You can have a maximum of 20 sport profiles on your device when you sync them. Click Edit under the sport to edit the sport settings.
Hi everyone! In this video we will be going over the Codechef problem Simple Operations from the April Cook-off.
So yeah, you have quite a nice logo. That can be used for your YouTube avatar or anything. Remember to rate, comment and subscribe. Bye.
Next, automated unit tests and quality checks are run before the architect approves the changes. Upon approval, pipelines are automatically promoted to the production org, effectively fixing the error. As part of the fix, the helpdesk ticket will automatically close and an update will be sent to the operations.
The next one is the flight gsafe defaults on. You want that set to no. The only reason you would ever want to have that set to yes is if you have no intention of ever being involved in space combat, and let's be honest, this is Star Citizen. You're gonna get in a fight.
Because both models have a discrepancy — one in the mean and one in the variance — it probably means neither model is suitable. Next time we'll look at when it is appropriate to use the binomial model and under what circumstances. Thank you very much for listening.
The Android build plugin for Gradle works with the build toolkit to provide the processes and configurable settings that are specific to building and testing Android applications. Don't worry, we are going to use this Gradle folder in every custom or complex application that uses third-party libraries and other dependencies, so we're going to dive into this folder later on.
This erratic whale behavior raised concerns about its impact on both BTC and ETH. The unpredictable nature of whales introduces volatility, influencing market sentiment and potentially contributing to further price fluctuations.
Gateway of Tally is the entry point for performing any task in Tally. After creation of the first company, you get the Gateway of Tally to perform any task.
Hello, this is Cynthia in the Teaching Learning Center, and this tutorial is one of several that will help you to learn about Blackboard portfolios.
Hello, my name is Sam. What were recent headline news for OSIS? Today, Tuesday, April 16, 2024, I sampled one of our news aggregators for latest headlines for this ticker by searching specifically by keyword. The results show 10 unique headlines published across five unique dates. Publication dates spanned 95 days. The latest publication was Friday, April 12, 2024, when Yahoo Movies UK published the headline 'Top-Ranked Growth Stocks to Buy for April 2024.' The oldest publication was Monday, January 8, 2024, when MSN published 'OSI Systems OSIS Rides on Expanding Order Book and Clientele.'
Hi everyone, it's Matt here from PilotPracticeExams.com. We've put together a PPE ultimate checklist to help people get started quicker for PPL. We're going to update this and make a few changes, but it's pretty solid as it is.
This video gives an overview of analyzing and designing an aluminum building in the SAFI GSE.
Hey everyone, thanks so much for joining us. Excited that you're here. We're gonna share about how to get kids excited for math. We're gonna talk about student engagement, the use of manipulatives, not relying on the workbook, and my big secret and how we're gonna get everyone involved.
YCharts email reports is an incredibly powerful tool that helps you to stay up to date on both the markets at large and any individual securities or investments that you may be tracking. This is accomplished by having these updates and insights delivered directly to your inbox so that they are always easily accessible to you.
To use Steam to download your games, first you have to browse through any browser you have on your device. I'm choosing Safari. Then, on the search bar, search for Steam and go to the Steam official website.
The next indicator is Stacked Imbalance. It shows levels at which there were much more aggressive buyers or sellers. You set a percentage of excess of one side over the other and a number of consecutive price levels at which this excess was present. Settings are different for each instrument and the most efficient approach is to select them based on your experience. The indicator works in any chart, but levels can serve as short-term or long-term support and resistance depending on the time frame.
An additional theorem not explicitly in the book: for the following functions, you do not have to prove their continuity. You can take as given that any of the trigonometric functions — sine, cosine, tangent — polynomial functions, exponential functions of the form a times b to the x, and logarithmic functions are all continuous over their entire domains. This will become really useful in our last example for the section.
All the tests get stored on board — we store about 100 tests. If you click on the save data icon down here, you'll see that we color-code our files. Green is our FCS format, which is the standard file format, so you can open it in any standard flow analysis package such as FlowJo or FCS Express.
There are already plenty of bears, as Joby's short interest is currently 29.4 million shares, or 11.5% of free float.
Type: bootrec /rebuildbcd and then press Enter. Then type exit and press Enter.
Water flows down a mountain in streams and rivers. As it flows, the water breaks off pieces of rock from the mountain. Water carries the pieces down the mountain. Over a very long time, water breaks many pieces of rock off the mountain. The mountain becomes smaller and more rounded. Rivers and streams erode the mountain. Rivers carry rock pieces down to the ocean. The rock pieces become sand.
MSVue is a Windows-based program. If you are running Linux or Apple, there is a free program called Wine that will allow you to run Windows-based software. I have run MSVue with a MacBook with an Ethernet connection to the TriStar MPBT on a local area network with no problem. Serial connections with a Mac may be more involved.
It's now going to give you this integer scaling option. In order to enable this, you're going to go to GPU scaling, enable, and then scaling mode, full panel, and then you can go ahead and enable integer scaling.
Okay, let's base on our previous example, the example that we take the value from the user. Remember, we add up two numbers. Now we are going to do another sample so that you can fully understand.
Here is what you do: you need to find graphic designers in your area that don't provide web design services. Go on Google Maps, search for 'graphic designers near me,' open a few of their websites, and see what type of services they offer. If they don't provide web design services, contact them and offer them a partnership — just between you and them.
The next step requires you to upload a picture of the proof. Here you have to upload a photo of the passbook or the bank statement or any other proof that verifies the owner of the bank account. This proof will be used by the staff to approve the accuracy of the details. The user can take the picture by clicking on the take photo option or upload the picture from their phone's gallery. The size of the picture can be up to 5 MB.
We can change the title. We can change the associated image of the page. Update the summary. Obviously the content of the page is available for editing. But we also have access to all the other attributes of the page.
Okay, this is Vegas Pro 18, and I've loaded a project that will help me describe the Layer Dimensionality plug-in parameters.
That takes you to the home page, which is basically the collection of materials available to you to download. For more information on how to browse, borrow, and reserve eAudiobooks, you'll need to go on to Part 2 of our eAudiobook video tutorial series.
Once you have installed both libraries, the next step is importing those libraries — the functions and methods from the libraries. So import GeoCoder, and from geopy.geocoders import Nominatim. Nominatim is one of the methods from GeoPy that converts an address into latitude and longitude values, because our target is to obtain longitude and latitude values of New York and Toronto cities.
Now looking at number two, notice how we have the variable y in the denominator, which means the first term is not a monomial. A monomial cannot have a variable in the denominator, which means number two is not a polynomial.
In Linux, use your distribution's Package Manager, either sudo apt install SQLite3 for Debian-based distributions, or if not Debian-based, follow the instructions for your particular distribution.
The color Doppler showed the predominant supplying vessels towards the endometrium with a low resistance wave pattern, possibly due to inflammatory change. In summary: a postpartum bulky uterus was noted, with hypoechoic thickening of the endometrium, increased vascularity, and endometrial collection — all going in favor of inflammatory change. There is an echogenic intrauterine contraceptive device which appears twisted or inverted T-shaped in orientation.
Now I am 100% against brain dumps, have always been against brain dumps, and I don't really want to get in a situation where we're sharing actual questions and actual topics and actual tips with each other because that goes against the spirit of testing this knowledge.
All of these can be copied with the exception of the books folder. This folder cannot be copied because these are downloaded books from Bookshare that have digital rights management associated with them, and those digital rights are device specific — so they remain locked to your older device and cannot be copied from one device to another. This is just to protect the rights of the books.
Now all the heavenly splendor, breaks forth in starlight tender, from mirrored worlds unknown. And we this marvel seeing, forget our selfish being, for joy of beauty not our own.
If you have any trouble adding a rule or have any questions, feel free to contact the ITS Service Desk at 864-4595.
************
● **PROBLEM REQUIREMENTS**
Each entry above must be printed exactly as written.

● **RESPONSE FOR THIS EXERCISE**
You can have a maximum of 20 sport profiles on your device when you sync them. Click Edit under the sport to edit the sport settings.
Hi everyone! In this video we will be going over the Codechef problem Simple Operations from the April Cook-off.
So yeah, you have quite a nice logo. That can be used for your YouTube avatar or anything. Remember to rate, comment and subscribe. Bye.
Next, automated unit tests and quality checks are run before the architect approves the changes. Upon approval, pipelines are automatically promoted to the production org, effectively fixing the error. As part of the fix, the helpdesk ticket will automatically close and an update will be sent to the operations.
The next one is the flight gsafe defaults on. You want that set to no. The only reason you would ever want to have that set to yes is if you have no intention of ever being involved in space combat, and let's be honest, this is Star Citizen. You're gonna get in a fight.
Because both models have a discrepancy — one in the mean and one in the variance — it probably means neither model is suitable. Next time we'll look at when it is appropriate to use the binomial model and under what circumstances. Thank you very much for listening.
The Android build plugin for Gradle works with the build toolkit to provide the processes and configurable settings that are specific to building and testing Android applications. Don't worry, we are going to use this Gradle folder in every custom or complex application that uses third-party libraries and other dependencies, so we're going to dive into this folder later on.
This erratic whale behavior raised concerns about its impact on both BTC and ETH. The unpredictable nature of whales introduces volatility, influencing market sentiment and potentially contributing to further price fluctuations.
Gateway of Tally is the entry point for performing any task in Tally. After creation of the first company, you get the Gateway of Tally to perform any task.
Hello, this is Cynthia in the Teaching Learning Center, and this tutorial is one of several that will help you to learn about Blackboard portfolios.
Hello, my name is Sam. What were recent headline news for OSIS? Today, Tuesday, April 16, 2024, I sampled one of our news aggregators for latest headlines for this ticker by searching specifically by keyword. The results show 10 unique headlines published across five unique dates. Publication dates spanned 95 days. The latest publication was Friday, April 12, 2024, when Yahoo Movies UK published the headline 'Top-Ranked Growth Stocks to Buy for April 2024.' The oldest publication was Monday, January 8, 2024, when MSN published 'OSI Systems OSIS Rides on Expanding Order Book and Clientele.'
Hi everyone, it's Matt here from PilotPracticeExams.com. We've put together a PPE ultimate checklist to help people get started quicker for PPL. We're going to update this and make a few changes, but it's pretty solid as it is.
This video gives an overview of analyzing and designing an aluminum building in the SAFI GSE.
Hey everyone, thanks so much for joining us. Excited that you're here. We're gonna share about how to get kids excited for math. We're gonna talk about student engagement, the use of manipulatives, not relying on the workbook, and my big secret and how we're gonna get everyone involved.
YCharts email reports is an incredibly powerful tool that helps you to stay up to date on both the markets at large and any individual securities or investments that you may be tracking. This is accomplished by having these updates and insights delivered directly to your inbox so that they are always easily accessible to you.
To use Steam to download your games, first you have to browse through any browser you have on your device. I'm choosing Safari. Then, on the search bar, search for Steam and go to the Steam official website.
The next indicator is Stacked Imbalance. It shows levels at which there were much more aggressive buyers or sellers. You set a percentage of excess of one side over the other and a number of consecutive price levels at which this excess was present. Settings are different for each instrument and the most efficient approach is to select them based on your experience. The indicator works in any chart, but levels can serve as short-term or long-term support and resistance depending on the time frame.
An additional theorem not explicitly in the book: for the following functions, you do not have to prove their continuity. You can take as given that any of the trigonometric functions — sine, cosine, tangent — polynomial functions, exponential functions of the form a times b to the x, and logarithmic functions are all continuous over their entire domains. This will become really useful in our last example for the section.
All the tests get stored on board — we store about 100 tests. If you click on the save data icon down here, you'll see that we color-code our files. Green is our FCS format, which is the standard file format, so you can open it in any standard flow analysis package such as FlowJo or FCS Express.
There are already plenty of bears, as Joby's short interest is currently 29.4 million shares, or 11.5% of free float.
Type: bootrec /rebuildbcd and then press Enter. Then type exit and press Enter.
Water flows down a mountain in streams and rivers. As it flows, the water breaks off pieces of rock from the mountain. Water carries the pieces down the mountain. Over a very long time, water breaks many pieces of rock off the mountain. The mountain becomes smaller and more rounded. Rivers and streams erode the mountain. Rivers carry rock pieces down to the ocean. The rock pieces become sand.
MSVue is a Windows-based program. If you are running Linux or Apple, there is a free program called Wine that will allow you to run Windows-based software. I have run MSVue with a MacBook with an Ethernet connection to the TriStar MPBT on a local area network with no problem. Serial connections with a Mac may be more involved.
It's now going to give you this integer scaling option. In order to enable this, you're going to go to GPU scaling, enable, and then scaling mode, full panel, and then you can go ahead and enable integer scaling.
Okay, let's base on our previous example, the example that we take the value from the user. Remember, we add up two numbers. Now we are going to do another sample so that you can fully understand.
Here is what you do: you need to find graphic designers in your area that don't provide web design services. Go on Google Maps, search for 'graphic designers near me,' open a few of their websites, and see what type of services they offer. If they don't provide web design services, contact them and offer them a partnership — just between you and them.
The next step requires you to upload a picture of the proof. Here you have to upload a photo of the passbook or the bank statement or any other proof that verifies the owner of the bank account. This proof will be used by the staff to approve the accuracy of the details. The user can take the picture by clicking on the take photo option or upload the picture from their phone's gallery. The size of the picture can be up to 5 MB.
We can change the title. We can change the associated image of the page. Update the summary. Obviously the content of the page is available for editing. But we also have access to all the other attributes of the page.
Okay, this is Vegas Pro 18, and I've loaded a project that will help me describe the Layer Dimensionality plug-in parameters.
That takes you to the home page, which is basically the collection of materials available to you to download. For more information on how to browse, borrow, and reserve eAudiobooks, you'll need to go on to Part 2 of our eAudiobook video tutorial series.
Once you have installed both libraries, the next step is importing those libraries — the functions and methods from the libraries. So import GeoCoder, and from geopy.geocoders import Nominatim. Nominatim is one of the methods from GeoPy that converts an address into latitude and longitude values, because our target is to obtain longitude and latitude values of New York and Toronto cities.
Now looking at number two, notice how we have the variable y in the denominator, which means the first term is not a monomial. A monomial cannot have a variable in the denominator, which means number two is not a polynomial.
In Linux, use your distribution's Package Manager, either sudo apt install SQLite3 for Debian-based distributions, or if not Debian-based, follow the instructions for your particular distribution.
The color Doppler showed the predominant supplying vessels towards the endometrium with a low resistance wave pattern, possibly due to inflammatory change. In summary: a postpartum bulky uterus was noted, with hypoechoic thickening of the endometrium, increased vascularity, and endometrial collection — all going in favor of inflammatory change. There is an echogenic intrauterine contraceptive device which appears twisted or inverted T-shaped in orientation.
Now I am 100% against brain dumps, have always been against brain dumps, and I don't really want to get in a situation where we're sharing actual questions and actual topics and actual tips with each other because that goes against the spirit of testing this knowledge.
All of these can be copied with the exception of the books folder. This folder cannot be copied because these are downloaded books from Bookshare that have digital rights management associated with them, and those digital rights are device specific — so they remain locked to your older device and cannot be copied from one device to another. This is just to protect the rights of the books.
Now all the heavenly splendor, breaks forth in starlight tender, from mirrored worlds unknown. And we this marvel seeing, forget our selfish being, for joy of beauty not our own.
If you have any trouble adding a rule or have any questions, feel free to contact the ITS Service Desk at 864-4595.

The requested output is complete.